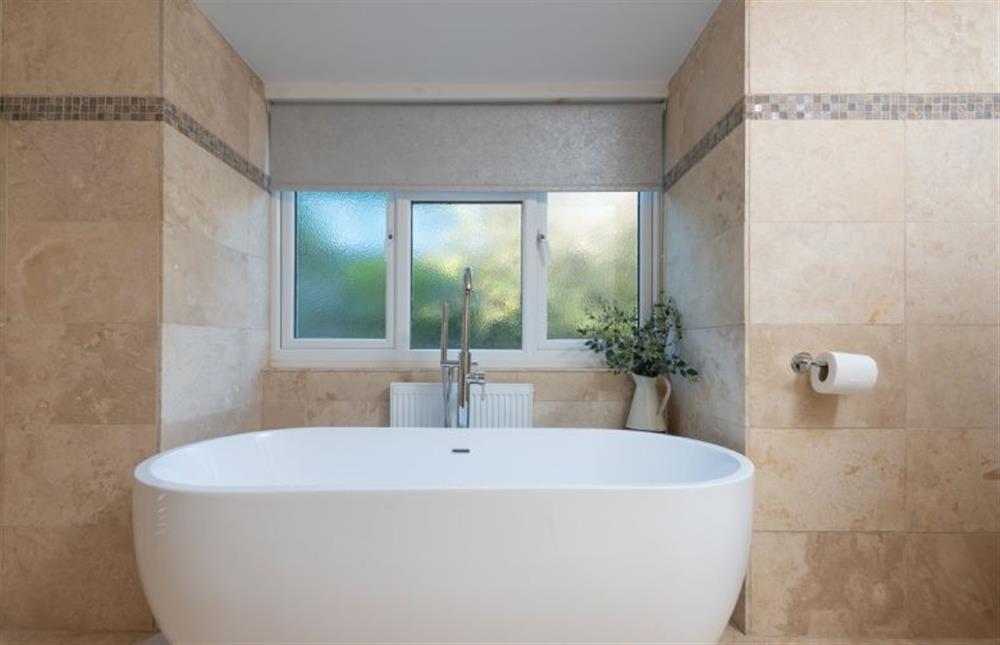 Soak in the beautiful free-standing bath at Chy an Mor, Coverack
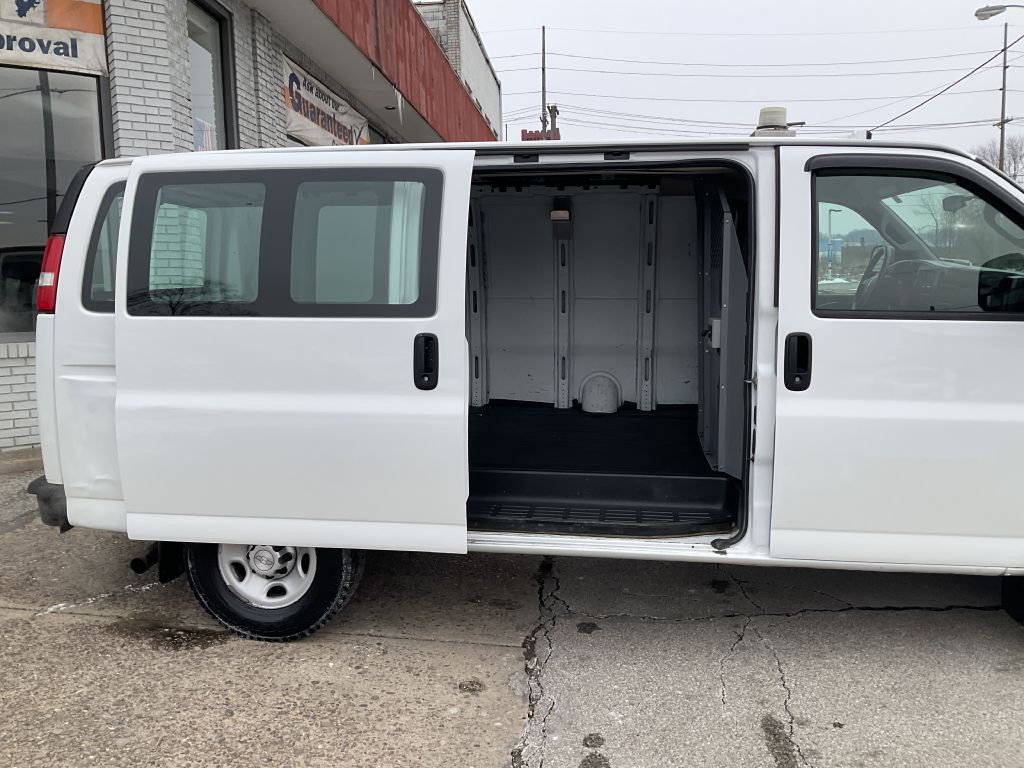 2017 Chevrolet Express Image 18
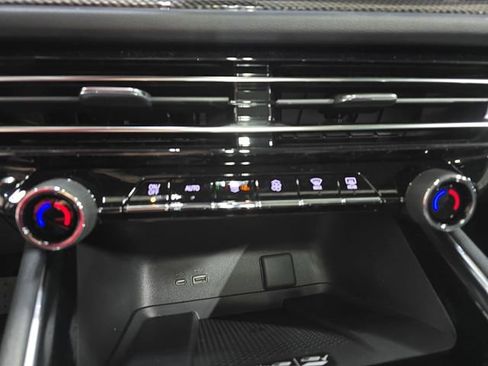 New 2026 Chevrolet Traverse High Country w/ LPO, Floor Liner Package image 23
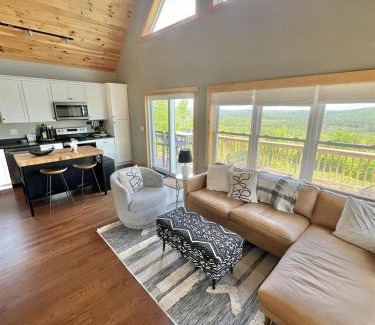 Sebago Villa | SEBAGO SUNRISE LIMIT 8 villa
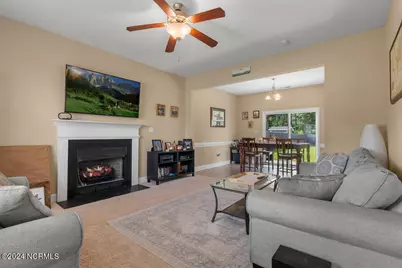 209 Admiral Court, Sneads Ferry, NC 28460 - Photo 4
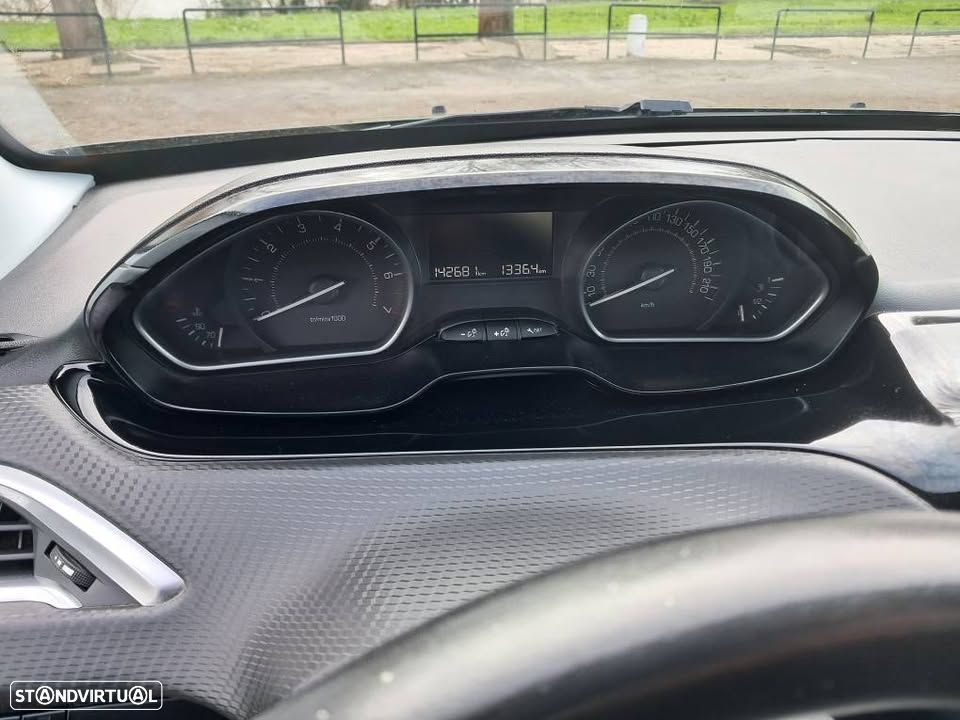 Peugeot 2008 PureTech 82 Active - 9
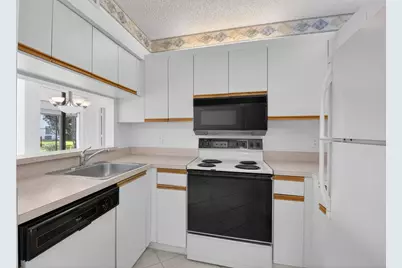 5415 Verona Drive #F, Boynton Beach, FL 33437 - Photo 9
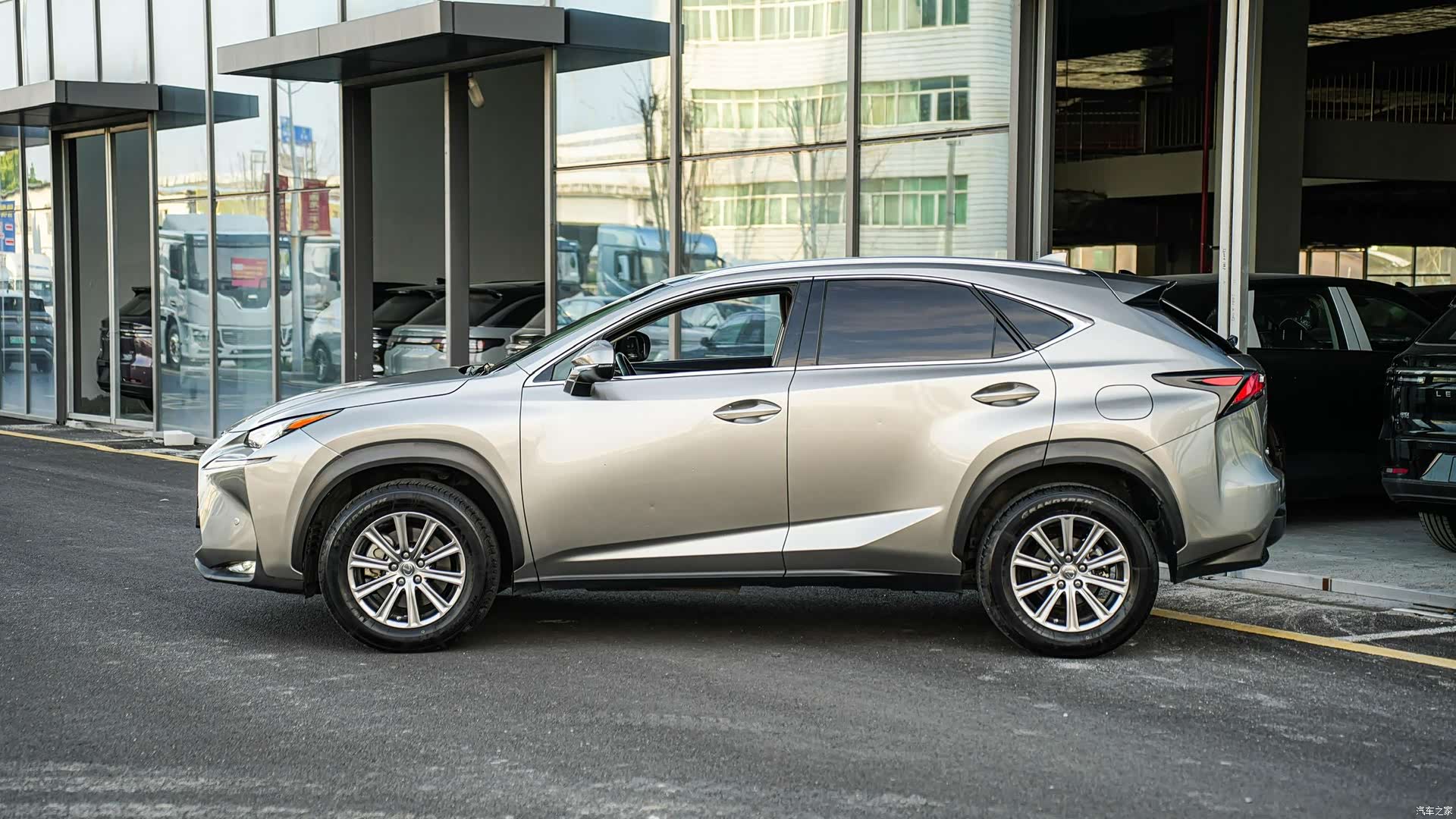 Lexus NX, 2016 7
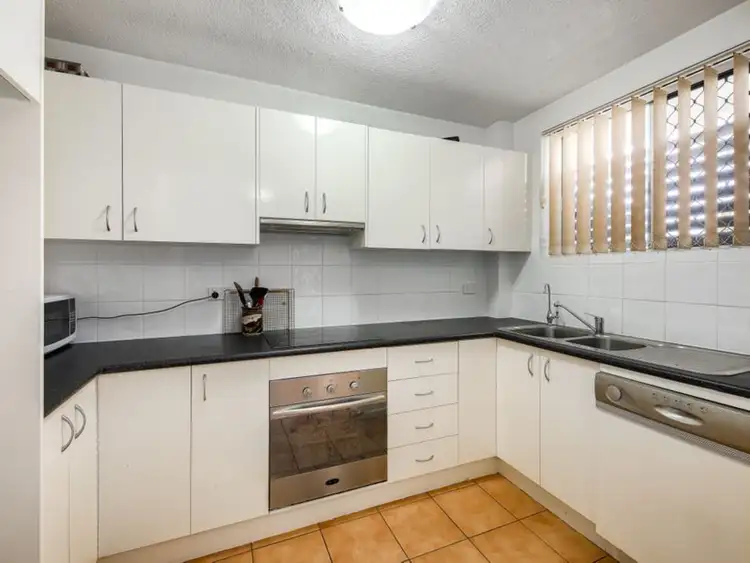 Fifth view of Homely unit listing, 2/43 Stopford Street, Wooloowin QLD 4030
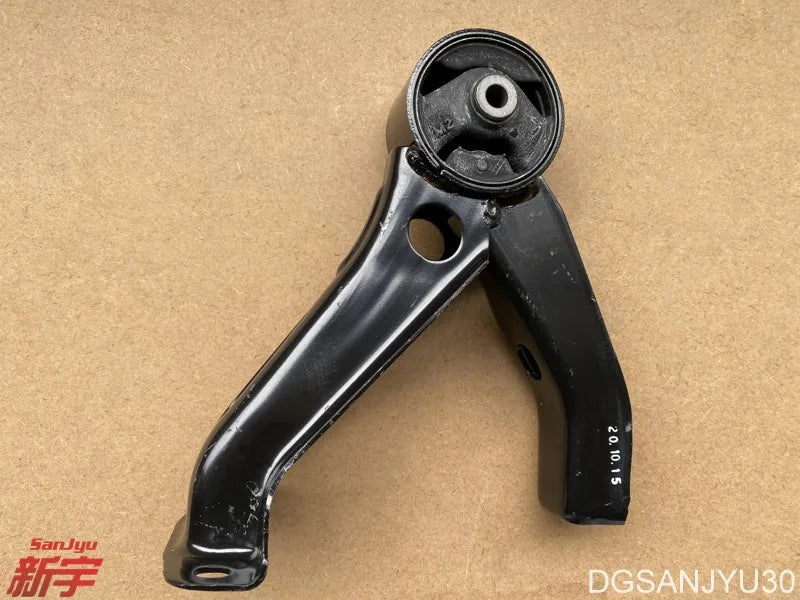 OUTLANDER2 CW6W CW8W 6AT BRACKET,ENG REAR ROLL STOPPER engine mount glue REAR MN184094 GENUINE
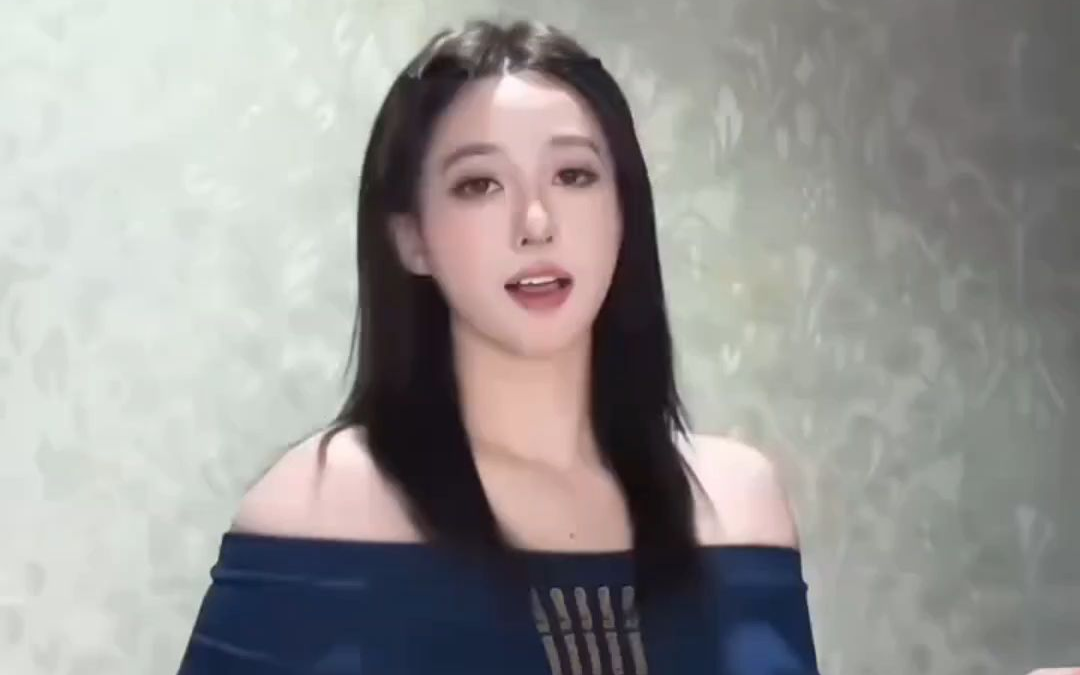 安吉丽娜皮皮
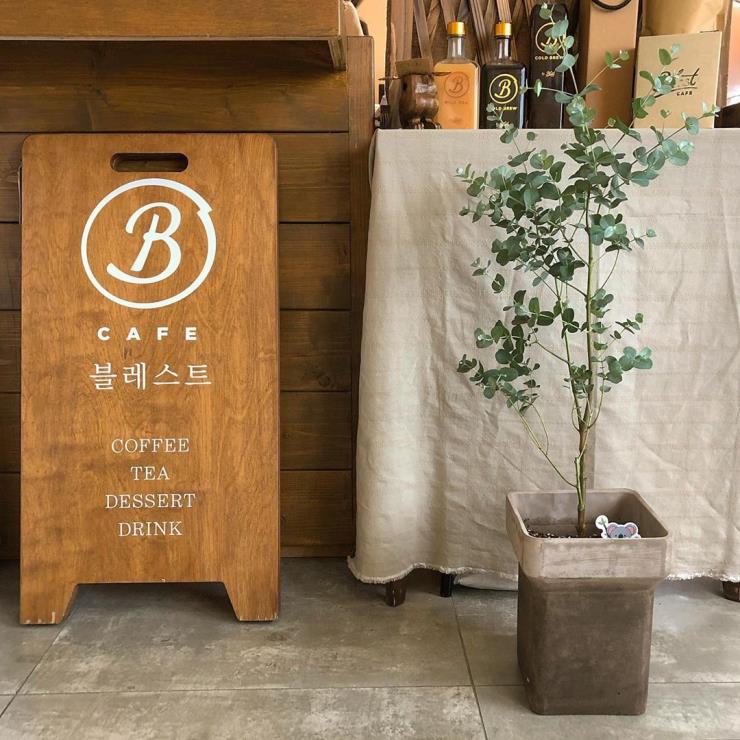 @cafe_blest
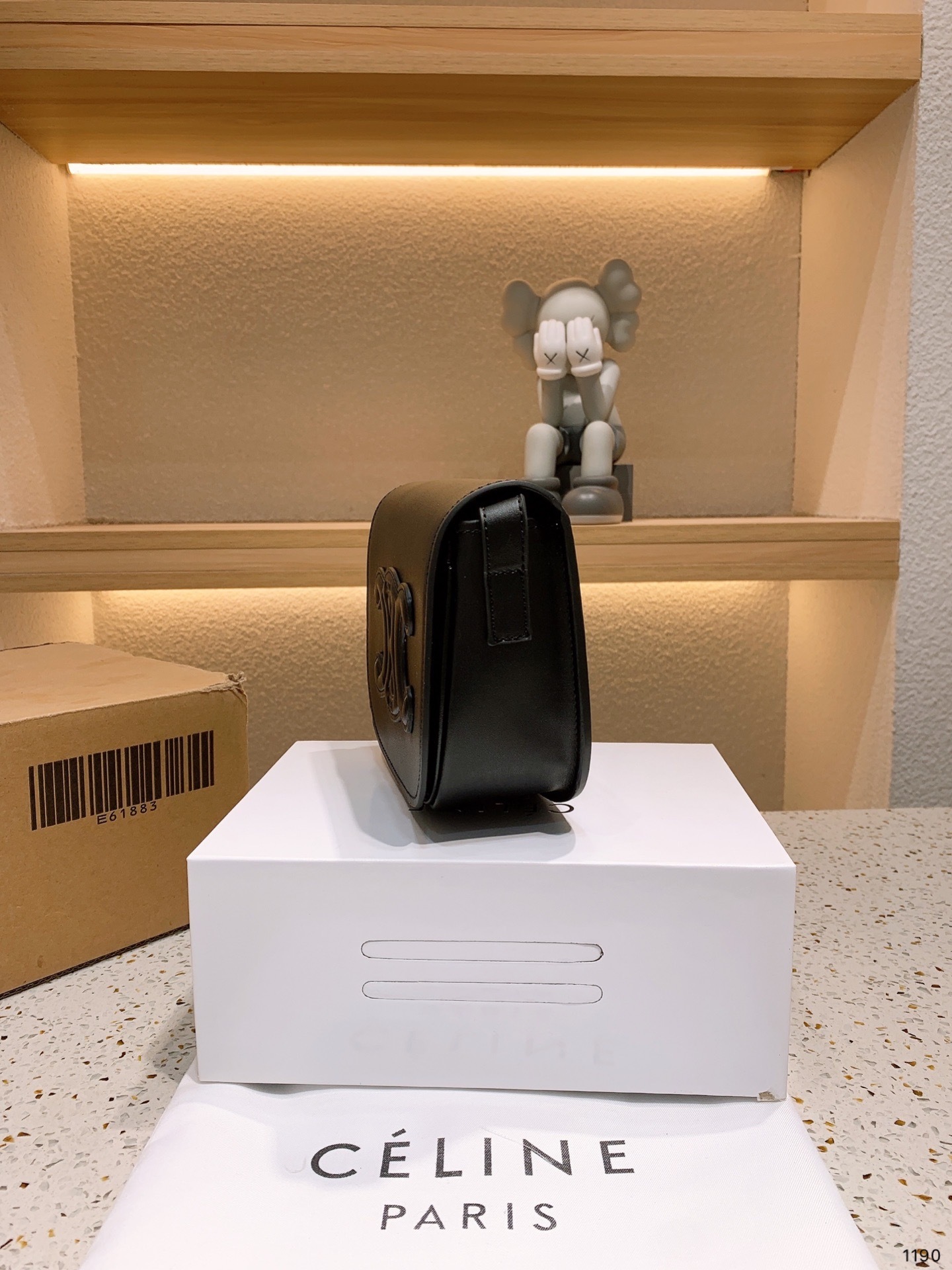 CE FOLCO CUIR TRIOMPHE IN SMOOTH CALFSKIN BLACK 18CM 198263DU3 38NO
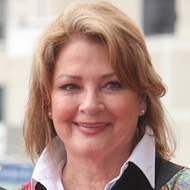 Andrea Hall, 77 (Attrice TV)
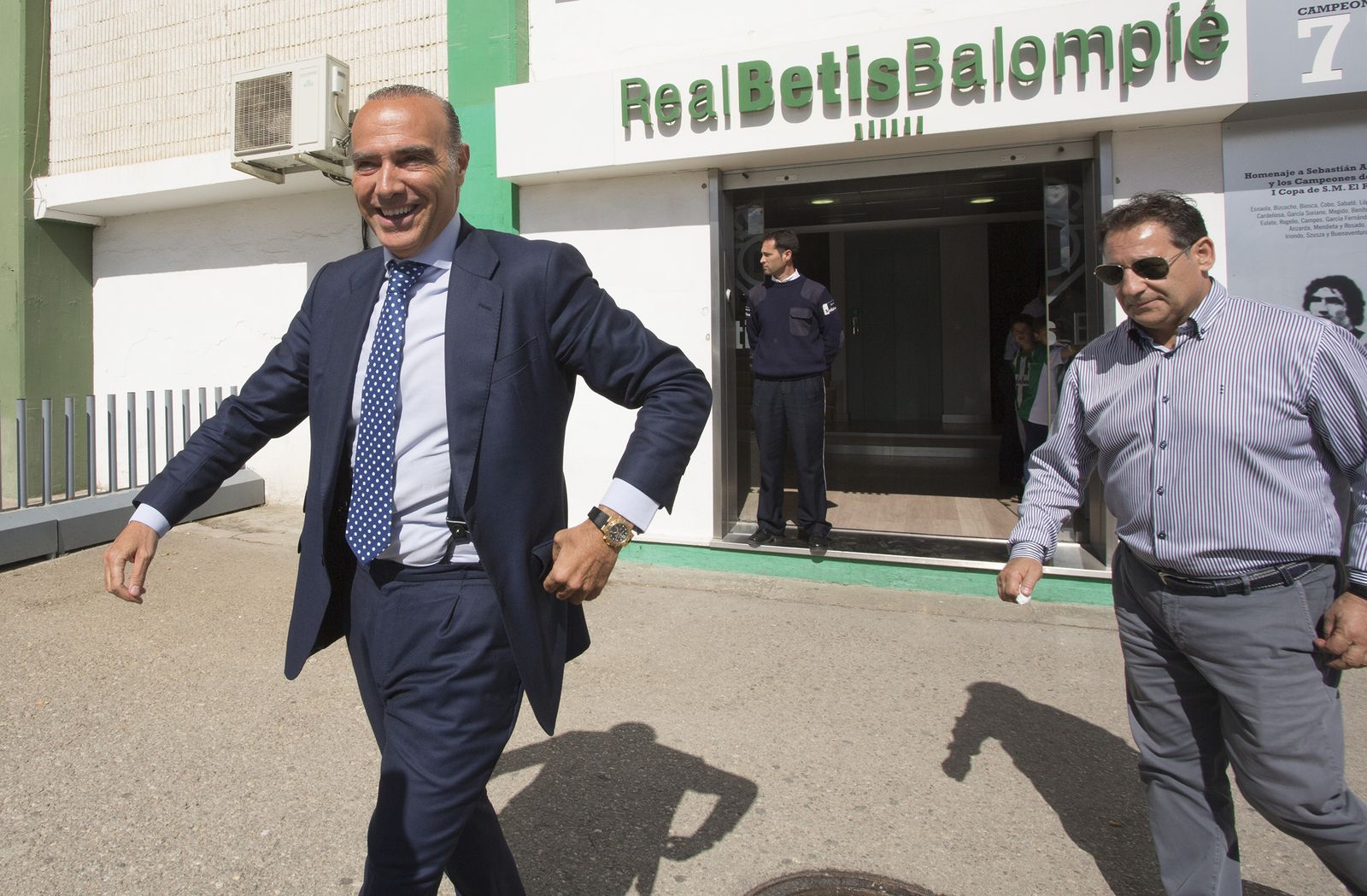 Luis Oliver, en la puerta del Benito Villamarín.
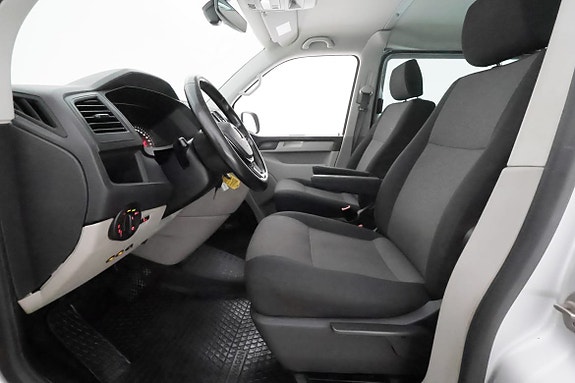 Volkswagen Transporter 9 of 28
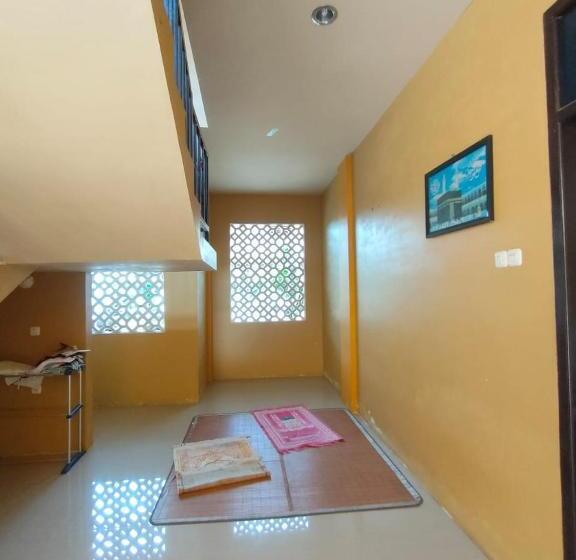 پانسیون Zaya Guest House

-------------------------

EXERCISE PROMPT: Through the line containing "Lexus NX, 2016 7" and no further, restate the data above word for word from its first line, leaving out pictures.

WRITTEN ANSWER:
 Soak in the beautiful free-standing bath at Chy an Mor, Coverack
 2017 Chevrolet Express Image 18
 New 2026 Chevrolet Traverse High Country w/ LPO, Floor Liner Package image 23
 Sebago Villa | SEBAGO SUNRISE LIMIT 8 villa
 209 Admiral Court, Sneads Ferry, NC 28460 - Photo 4
 Peugeot 2008 PureTech 82 Active - 9
 5415 Verona Drive #F, Boynton Beach, FL 33437 - Photo 9
 Lexus NX, 2016 7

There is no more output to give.